As the global fight against racial injustice gains steam, meaningful change is beginning to materialise. From mayors pledging to defund police forces and racial justice organisations receiving an outpouring of support to a sharp rise in public discussions around issues of systemic racism—evidence of progress trails behind the swelling wave of protest and outrage. It is important to build on this historic momentum and keep the foot on the gas.

What can you do to support the movement for black rights and racial justice?

Attend protests

Taking to the streets to demonstrate remains one of the most effective ways to protest injustice and demand immediate change. Check the Black Lives Matter website, local community websites and social media for information about protests taking place in your area. If your circumstances don’t allow you to march in the streets, you may want to inquire about virtual protests happening, like the one recently arranged by Black Lives Matter London.

Give protesters supplies

Protesters marching in the streets are in need of various supplies, including water, masks, food, and more. Visit the webpage of a protest happening near you to learn about its designated supply drop-off locations, or contact protest organisers for information on how to help.

Donate to bail funds

As a growing number of protesters are being arrested by police forces, bail money is urgently needed for people who cannot afford to purchase their freedom. This Google Doc contains a list of bailout and legal funds categorised by city and state.

Support organisations for black empowerment

Systemic racism has robbed black communities of funds and resources and stilted progress among its residents. Contributing to initiatives designed to empower black communities is a crucial step in rectifying the ravages of centuries of racial discrimination. Black Visions Collective, National Bailout and Campaign Zero are three organisations that work in varying ways to achieve long term improvement for black communities, end their oppression and promote their rights and safety. You may want to research similar organisations operating in your city or state.

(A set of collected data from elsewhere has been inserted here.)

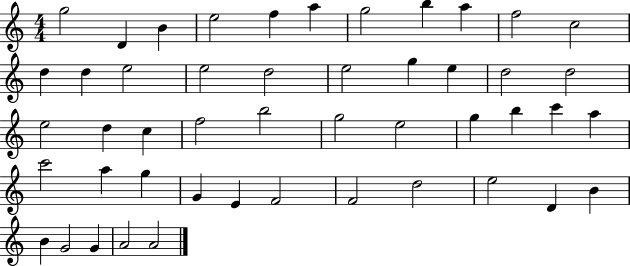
X:1
T:Untitled
M:4/4
L:1/4
K:C
g2 D B e2 f a g2 b a f2 c2 d d e2 e2 d2 e2 g e d2 d2 e2 d c f2 b2 g2 e2 g b c' a c'2 a g G E F2 F2 d2 e2 D B B G2 G A2 A2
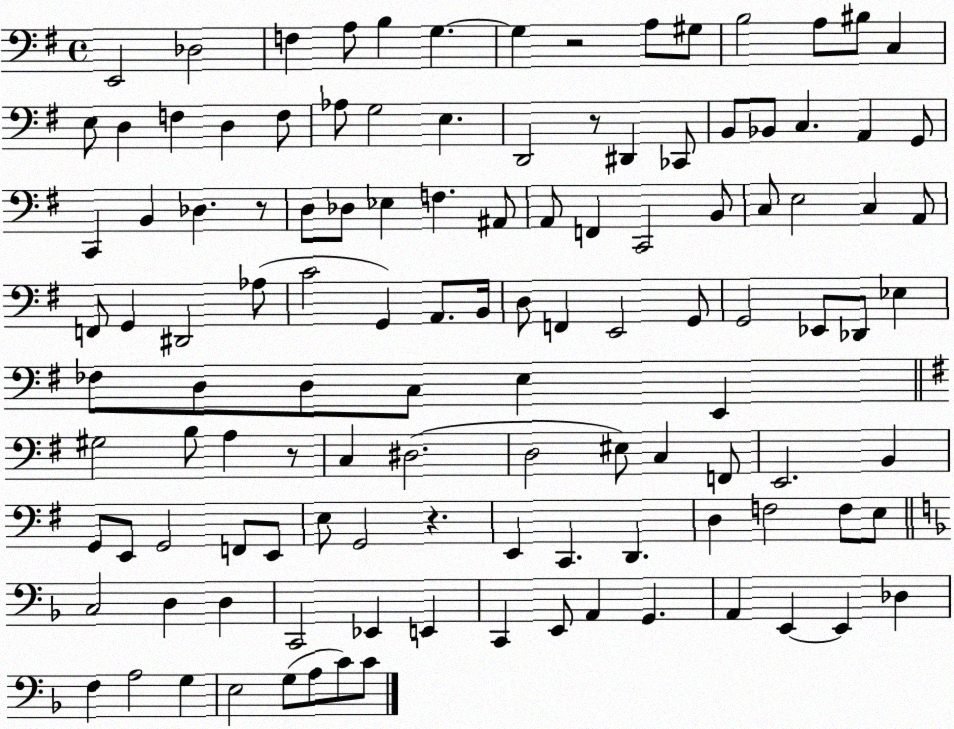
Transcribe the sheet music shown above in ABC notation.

Support black-owned businesses

Make it a point to support black-owned businesses, restaurants and shops in your area. You should also research which companies are complicit in perpetuating systemic racism and refrain from supporting them—L’Oréal, Reformation and Zimmerman, I’m looking at you.

10 ways you can support the movement for black rights and racial justice

Defend immigrants of colour

Immigrants of colour are disproportionately targeted, terrorised, and abused by the government—at the border, in detention facilities, and in black and brown communities repeatedly raided by Immigration and Customs Enforcement (ICE). At the invitation of the NYPD, ICE agents have been infiltrating Black Lives Matter protests in New York City, and have already detained one immigrant. Research and donate to organisations working to protect and advocate on behalf of immigrants of colour.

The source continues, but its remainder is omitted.